Dataset excerpts:
....................

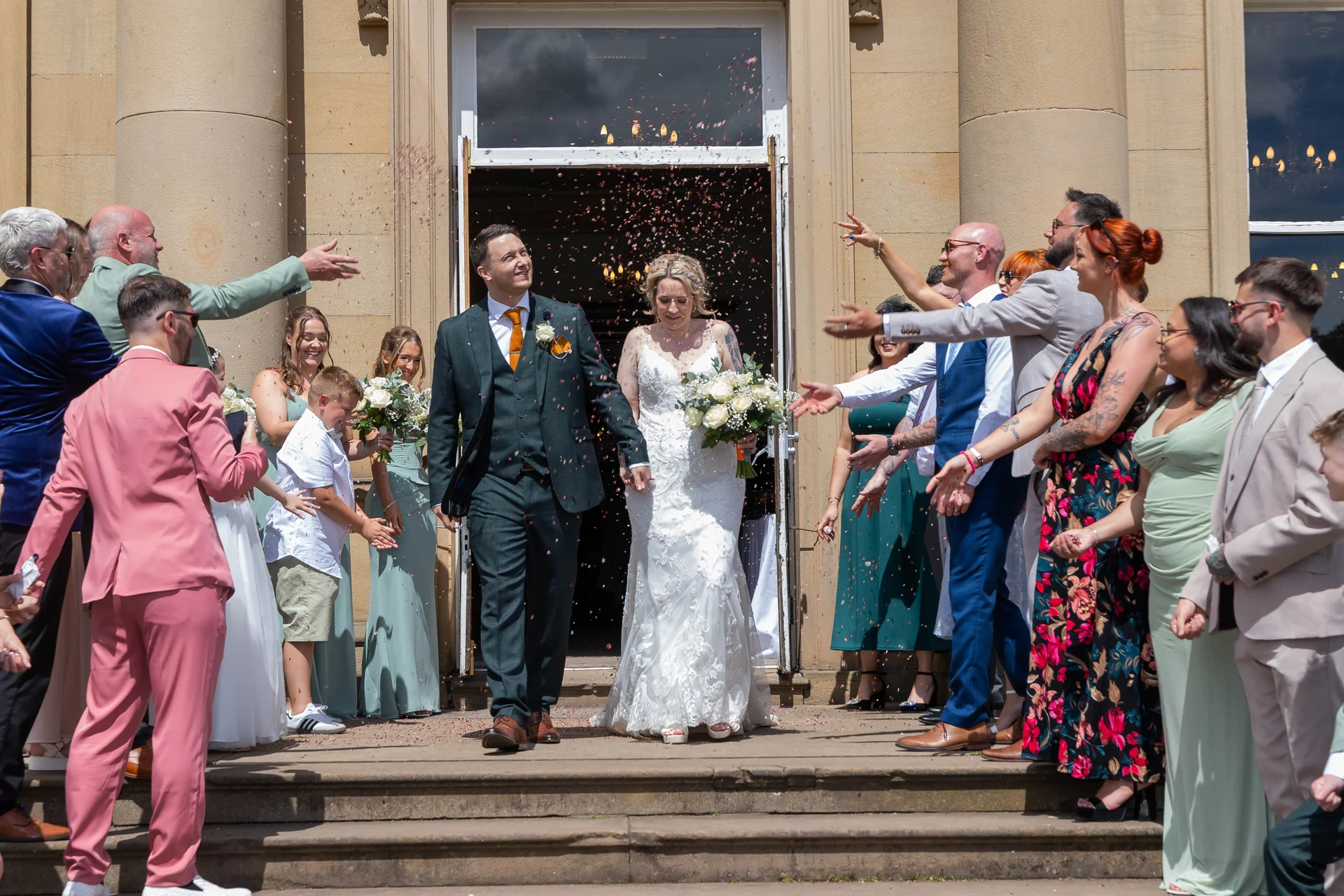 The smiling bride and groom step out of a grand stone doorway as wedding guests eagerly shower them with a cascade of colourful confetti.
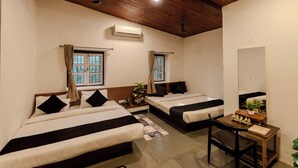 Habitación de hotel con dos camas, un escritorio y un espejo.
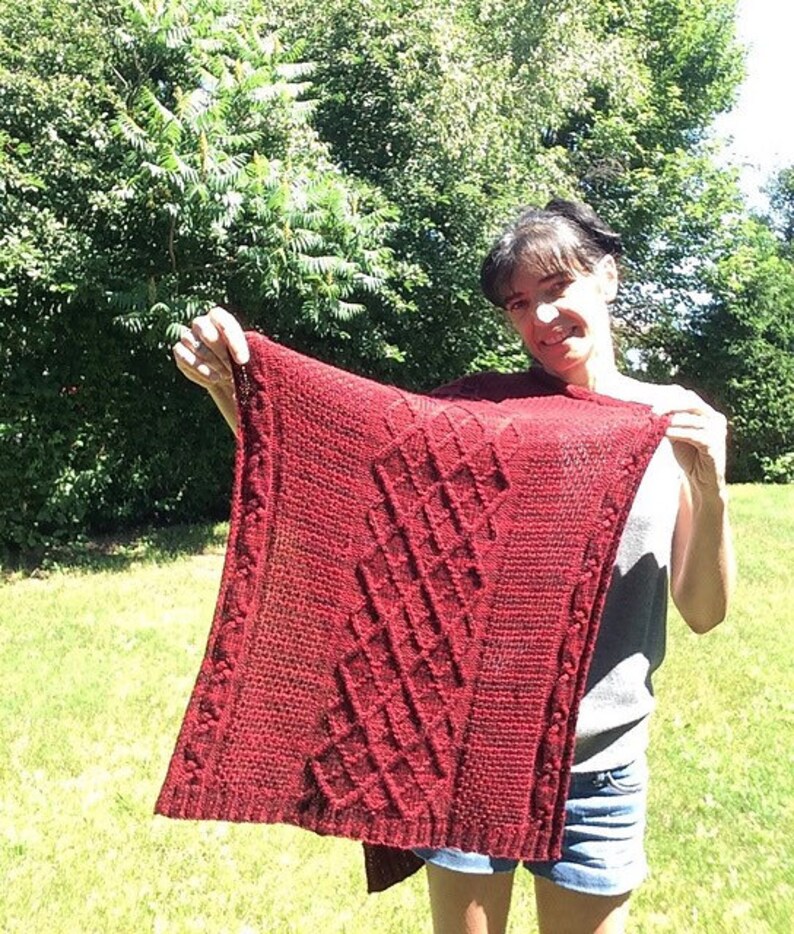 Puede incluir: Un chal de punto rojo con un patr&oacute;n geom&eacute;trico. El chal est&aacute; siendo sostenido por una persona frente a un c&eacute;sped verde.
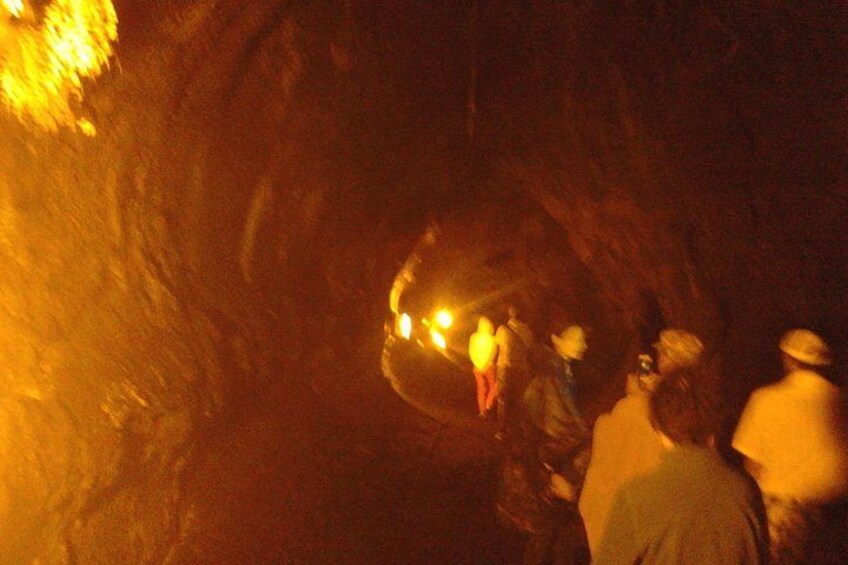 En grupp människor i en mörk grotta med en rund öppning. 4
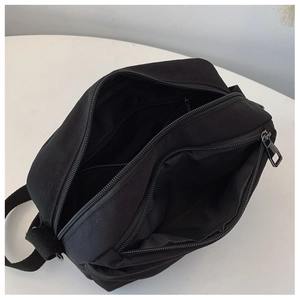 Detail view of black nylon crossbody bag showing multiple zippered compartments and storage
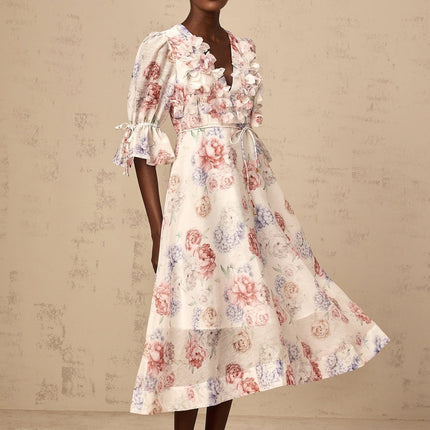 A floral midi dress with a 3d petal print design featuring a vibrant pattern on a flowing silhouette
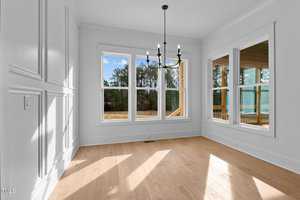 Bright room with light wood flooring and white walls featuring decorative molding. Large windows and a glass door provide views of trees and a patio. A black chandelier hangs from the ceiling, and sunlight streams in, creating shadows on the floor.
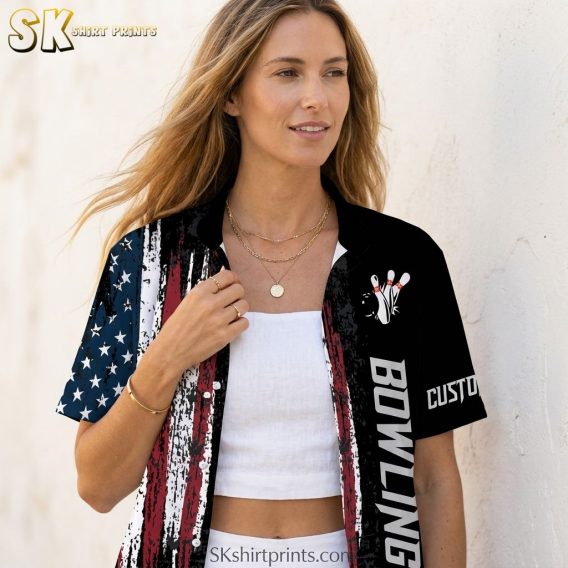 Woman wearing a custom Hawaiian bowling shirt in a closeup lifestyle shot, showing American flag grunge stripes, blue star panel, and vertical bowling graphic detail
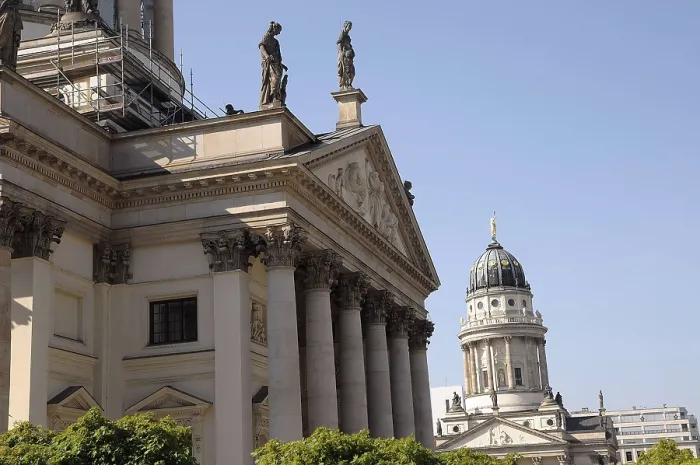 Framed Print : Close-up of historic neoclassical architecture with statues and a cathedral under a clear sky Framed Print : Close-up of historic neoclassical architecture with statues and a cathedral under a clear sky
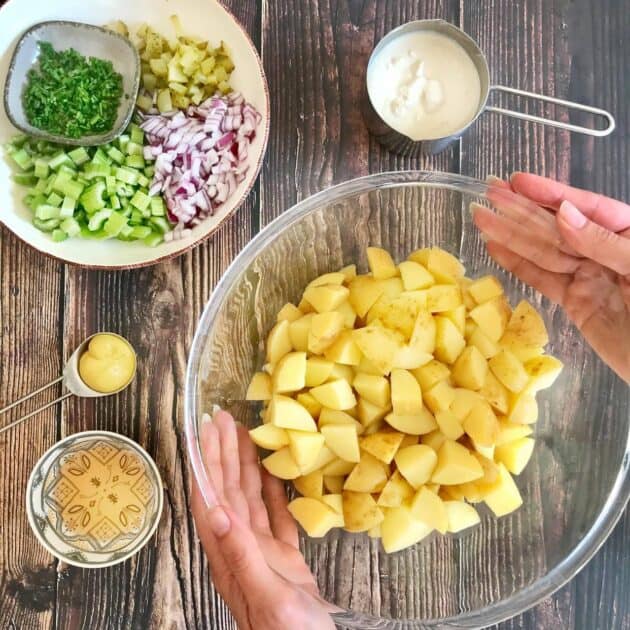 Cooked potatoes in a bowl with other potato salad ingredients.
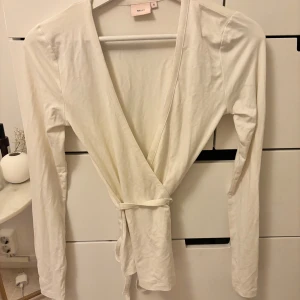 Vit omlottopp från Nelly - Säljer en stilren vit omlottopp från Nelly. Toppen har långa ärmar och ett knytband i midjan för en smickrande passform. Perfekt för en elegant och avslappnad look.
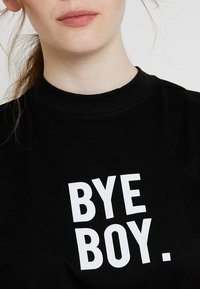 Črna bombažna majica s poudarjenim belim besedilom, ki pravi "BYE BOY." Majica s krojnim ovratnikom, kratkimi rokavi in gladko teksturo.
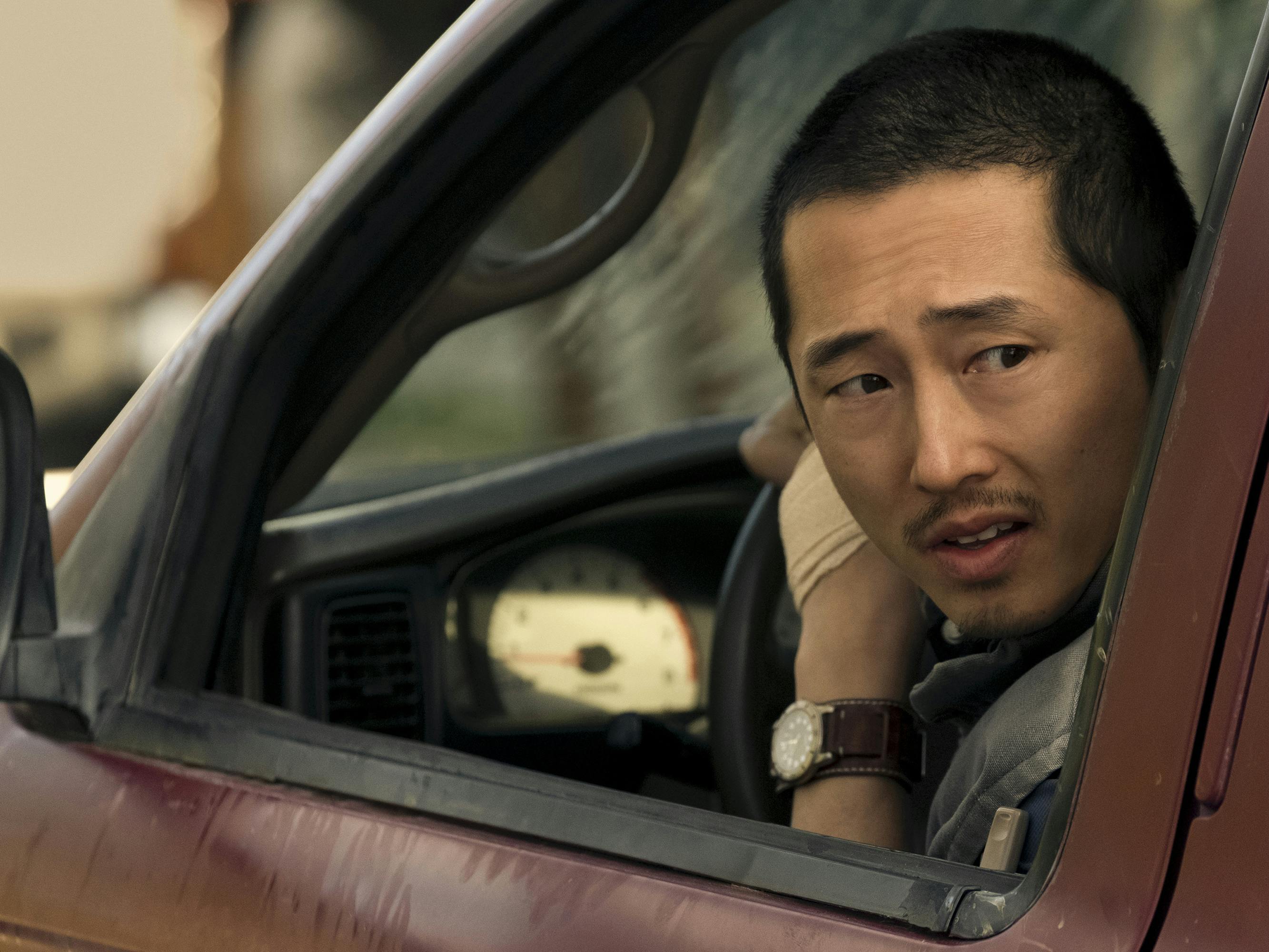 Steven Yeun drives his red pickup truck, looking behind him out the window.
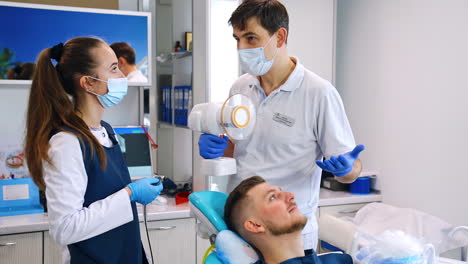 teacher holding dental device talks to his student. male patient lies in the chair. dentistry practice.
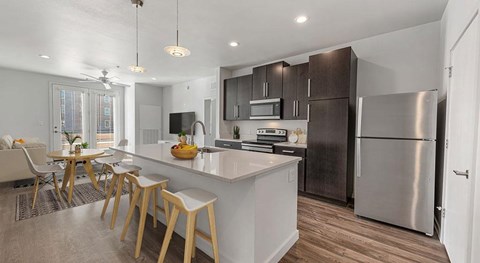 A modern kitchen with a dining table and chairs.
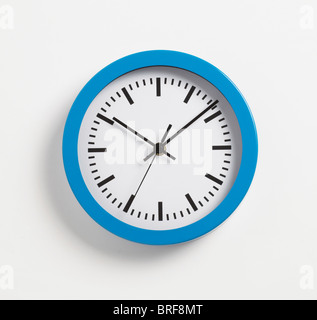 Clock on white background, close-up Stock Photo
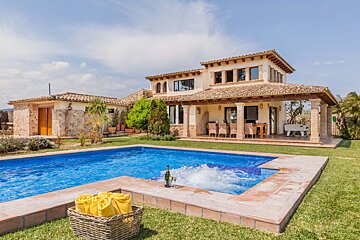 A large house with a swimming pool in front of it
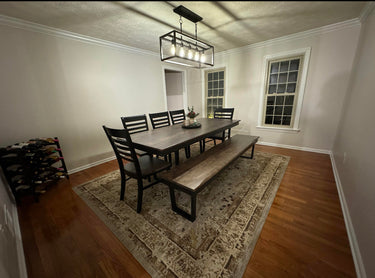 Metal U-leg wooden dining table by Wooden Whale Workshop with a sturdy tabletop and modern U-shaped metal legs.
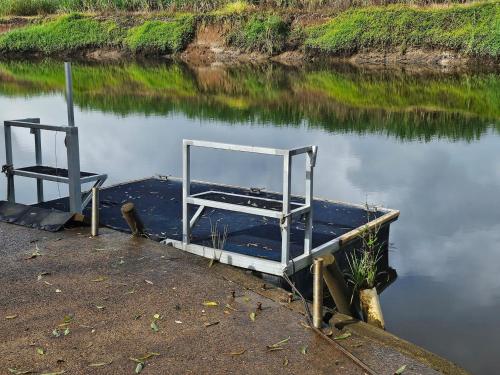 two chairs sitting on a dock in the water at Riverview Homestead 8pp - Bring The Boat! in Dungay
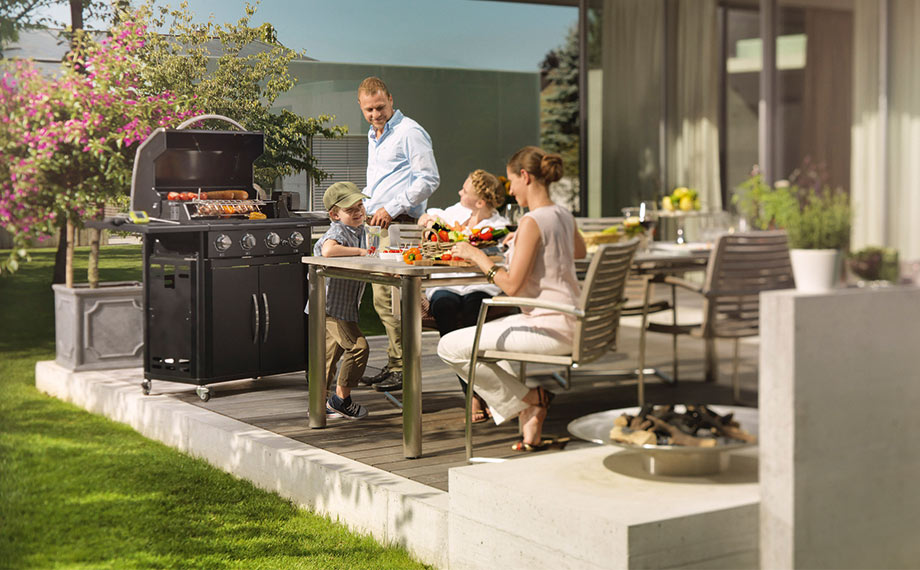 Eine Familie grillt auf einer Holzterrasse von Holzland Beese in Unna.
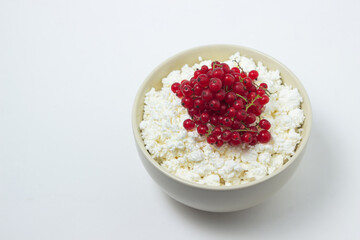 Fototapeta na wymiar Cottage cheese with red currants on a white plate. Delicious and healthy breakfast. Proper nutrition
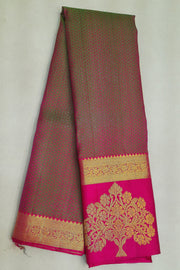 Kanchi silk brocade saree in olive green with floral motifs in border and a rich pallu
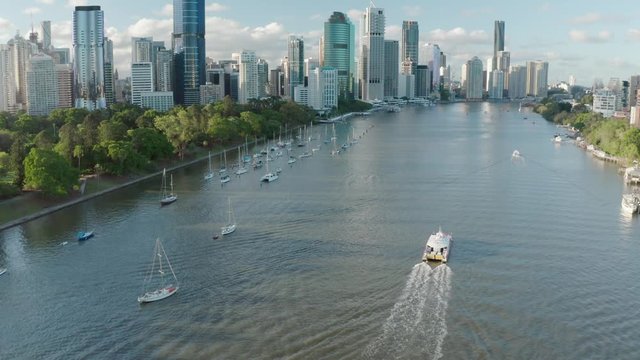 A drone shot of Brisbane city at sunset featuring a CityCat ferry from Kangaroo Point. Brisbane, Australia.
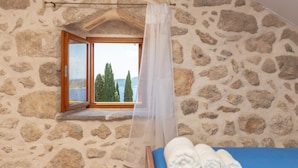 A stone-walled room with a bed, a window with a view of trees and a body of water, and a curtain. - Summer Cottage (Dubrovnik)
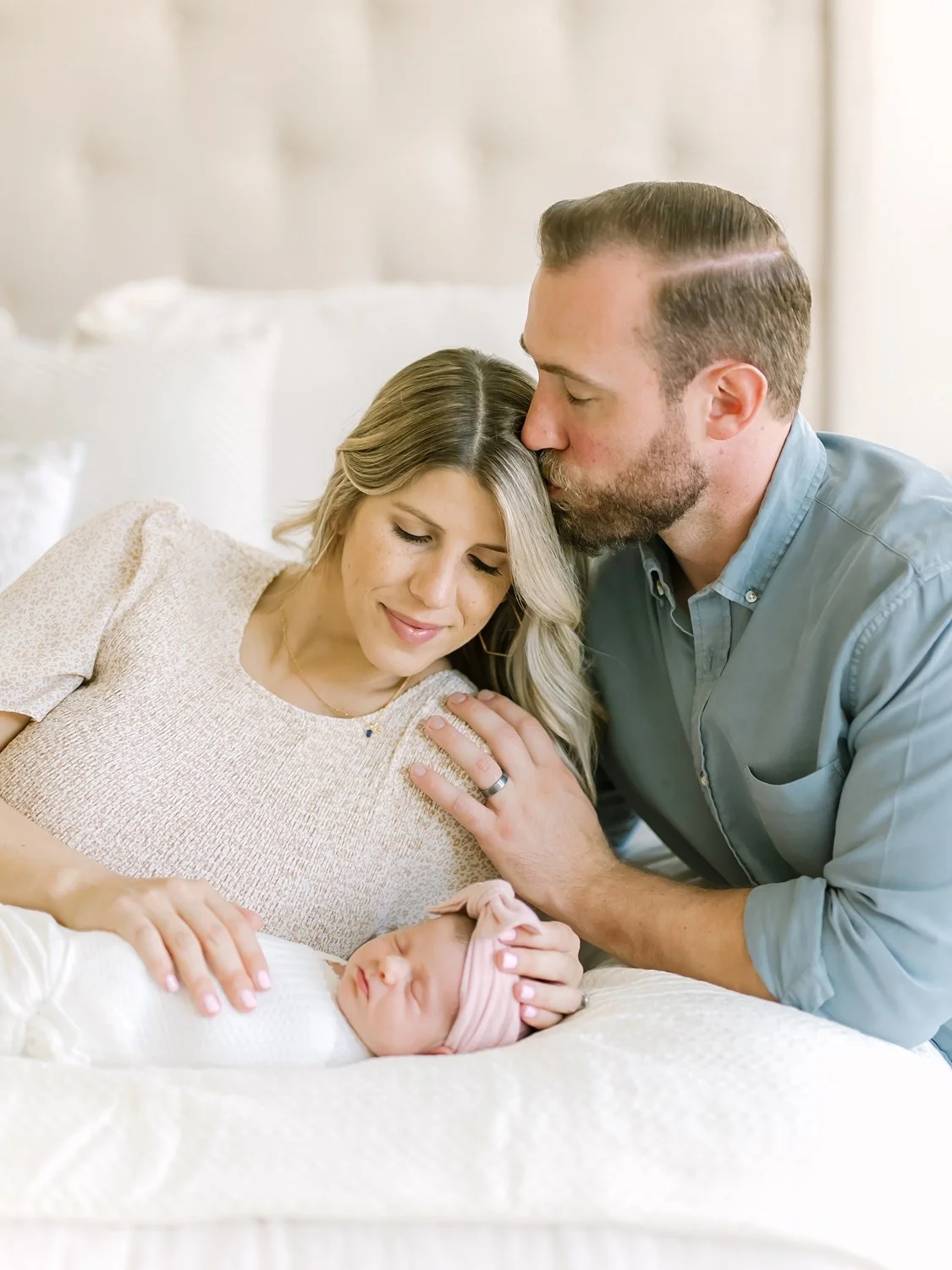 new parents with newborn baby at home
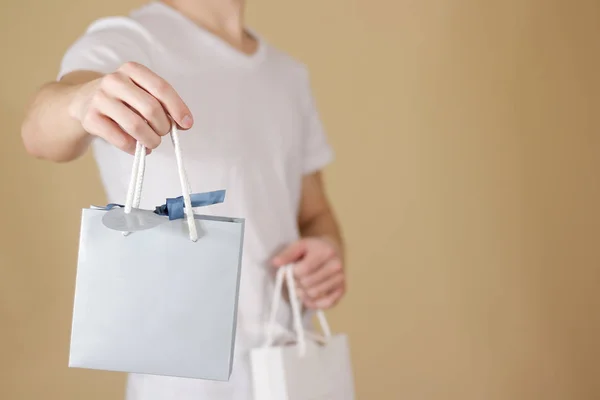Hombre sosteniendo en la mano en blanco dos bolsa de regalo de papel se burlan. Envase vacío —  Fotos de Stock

....................

> _What needs to be done_: Set down word for word the lines from the opening of the entries above through the line that contains "Habitación de hotel", and omit every picture.

> _Result of the task_:
 The smiling bride and groom step out of a grand stone doorway as wedding guests eagerly shower them with a cascade of colourful confetti.
 Habitación de hotel con dos camas, un escritorio y un espejo.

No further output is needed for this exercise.